In the another case with $C'$, doing similarly, $E'$ is covered by
$V'_{1a} = {\rm Spec}\ k[x/w,y/w,z/w,a_1/b_1]/(x^2/w^2,y^2/w^2)$,
$V'_{1b} = {\rm Spec}\ k[x/w,y/w,z/w,b_1/a_1]/(x^2/w^2,y^2/w^2)$,
$V'_{2a} = {\rm Spec}\ k[x/z,y/z,w/z,a_2/b_2]/(x^2/z^2,y^2/z^2)$,
$V'_{2b} = {\rm Spec}\ k[x/z,y/z,w/z,b_2/a_2]/(x^2/z^2,y^2/z^2)$,
I thought $c_1(\zeta)$ is again the class in $E'$ corresponding a line $a_1/b_1=const.$ in $V'_{1a}$, but I don't see how to pushforward it.
(From the book I know I can use conormal sheaf in the first case and the answer is $1-2\alpha$ where $\alpha$ is the class of a point in $C$, but it is not available in the second case.)
EDIT: I found an argument with non-reduced case in 13.3.5, but I could not follow the argument.

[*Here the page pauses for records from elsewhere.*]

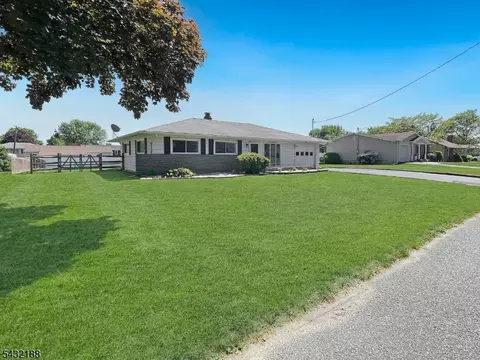 706 Rugby Rd, Phillipsburg, NJ 08865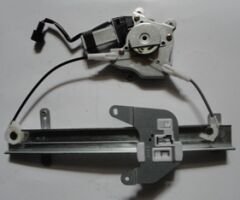 NISSAN MAXIMA- A33- 03/06; ARKA CAM KRİKOSU SAĞ ELEKTRİKLİ/MOTORLU 2FİŞLİ 82700-2Y010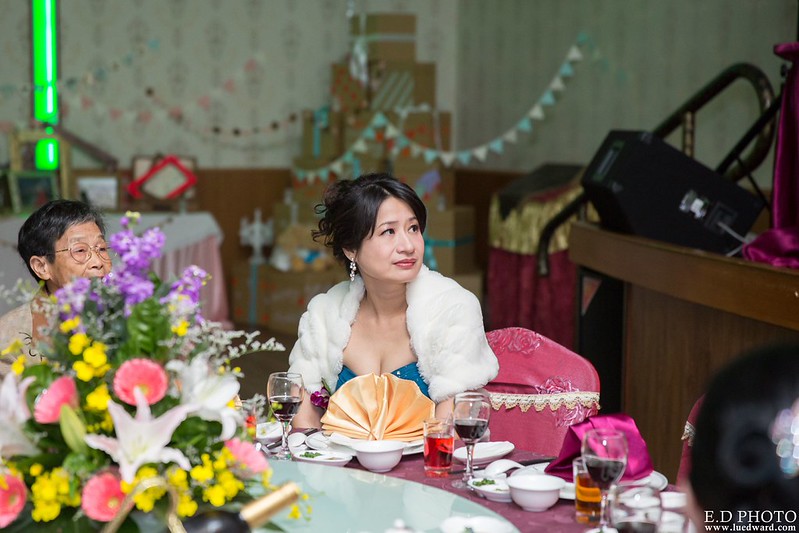 [高雄婚攝] 駿業＆宛凌 婚禮紀錄｜岡山海中鮮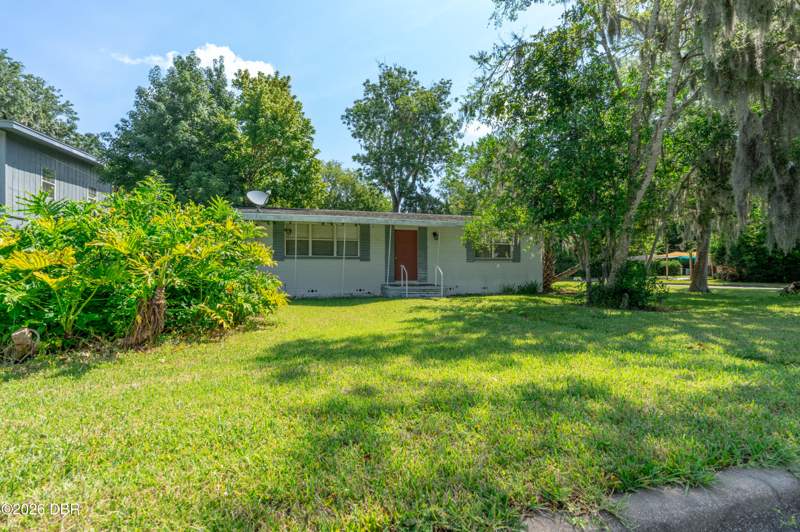 2 bedroom Single Family Residence at 553 S Lanvale Avenue, Tuscawilla Highlands, Daytona Beach — photo 3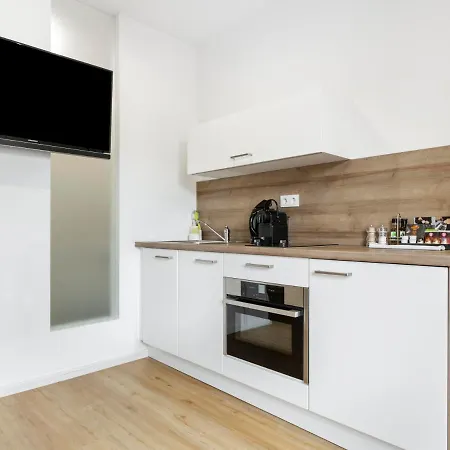 Limehome Am Katzenstadel Аугсбург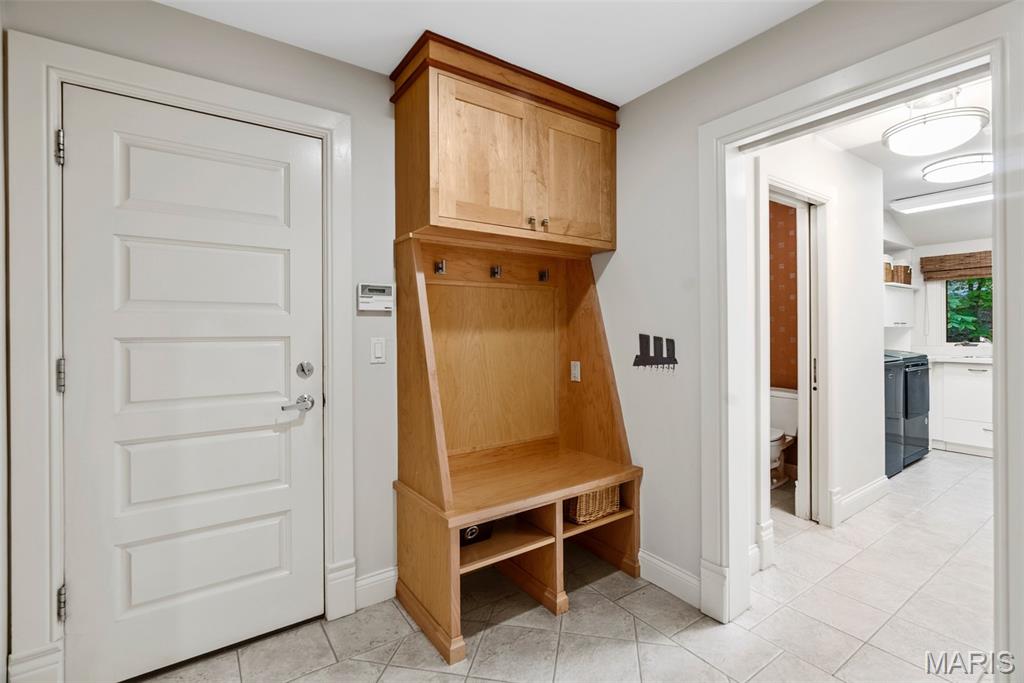 Ladue Downs 1 - Residential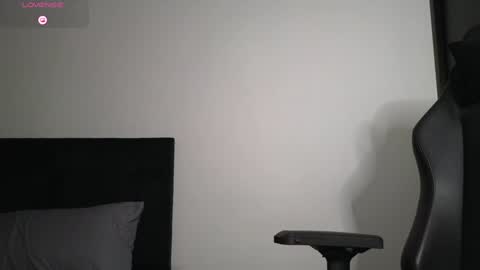 Sophy online show from 01/10/25, 01:21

There, $S$ is 2 dimensional variety parametrized by $[aa:bb:cc:ab:bc:ca]$ in $\mathbb{P}^5$ , $\cal I$ is the ideal sheaf that cut out $S$, and T is non-reduced subvariety cut out by ${\cal I}^2$. Then there says: Blow-up along $T$ is the same as the blow-up along $S$, but with the exceptional divisor doubled, so there is the relation $s_k(T,\mathbb{P}^5) = 2^{k+3}s_k(S,\mathbb{P}^5)$, but I could not find the reason. Why isn't it simply $s_k(T,\mathbb{P}^5) = 2s_k(S,\mathbb{P}^5)$?
I reviewed the definition of pushforward and I noticed I misunderstood the definition. While $s(C,X) = \sum_{k\geq 0} π_*(\zeta^k)$, $\pi_*$ preserves dimension but not codimension, so in this case with $\dim(C)=1, \dim(E)=2$, the relation is actually $s_k(C,X) = π_*(\zeta^{k+1})$.
Thus, $\pi_* (ζ) = 1$, $\pi_*( ζ^2) = -2\alpha$. The latter is not trivial. One way is using the blow-up calculated as following:
Let $j:E\to B$ be blow up of $i:C \to X$. Let $[E], [H_C], [H]$ be respectively the cycle of the exceptional divisor, proper transform of plane including C, proper transform not including C. For example considering rational function $x/z$, I see rational relation $[E]+[H_C]=[H]$.
Then for example using, Proposition 13.12,
$j_*(1) = [E],$
$j_*(ζ) = -j_*(1)\cdot j_*(1) = -[E]\cdot[E],$
$j_*(ζ^2) = -j_*(1)\cdot j_*(\zeta) = [E]\cdot[E]\cdot[E] $
Using the relation $[H]\cdot[H]\cdot[H] = [H]\cdot[H]\cdot[H_C] = 1$ point, $[H_C]\cdot [H_C]=0$, I got $j_*(ζ^2) = -2$ points.
For the case in last EDIT, since $\dim S=2, \dim\mathbb{P}^5=5$, the relation should be $s_k(C,X) = π_*(\zeta^{k+3})$, that is where additional factor $2^3$ comes from.
EDIT: I still had mistake. In this case, the dimension of corresponding exceptional divisor is $4$, so the relation is $s_k(C,X) = π_*(\zeta^{k+2})$. Another factor $2$ seems to come from the "doubleness" itself of $T$.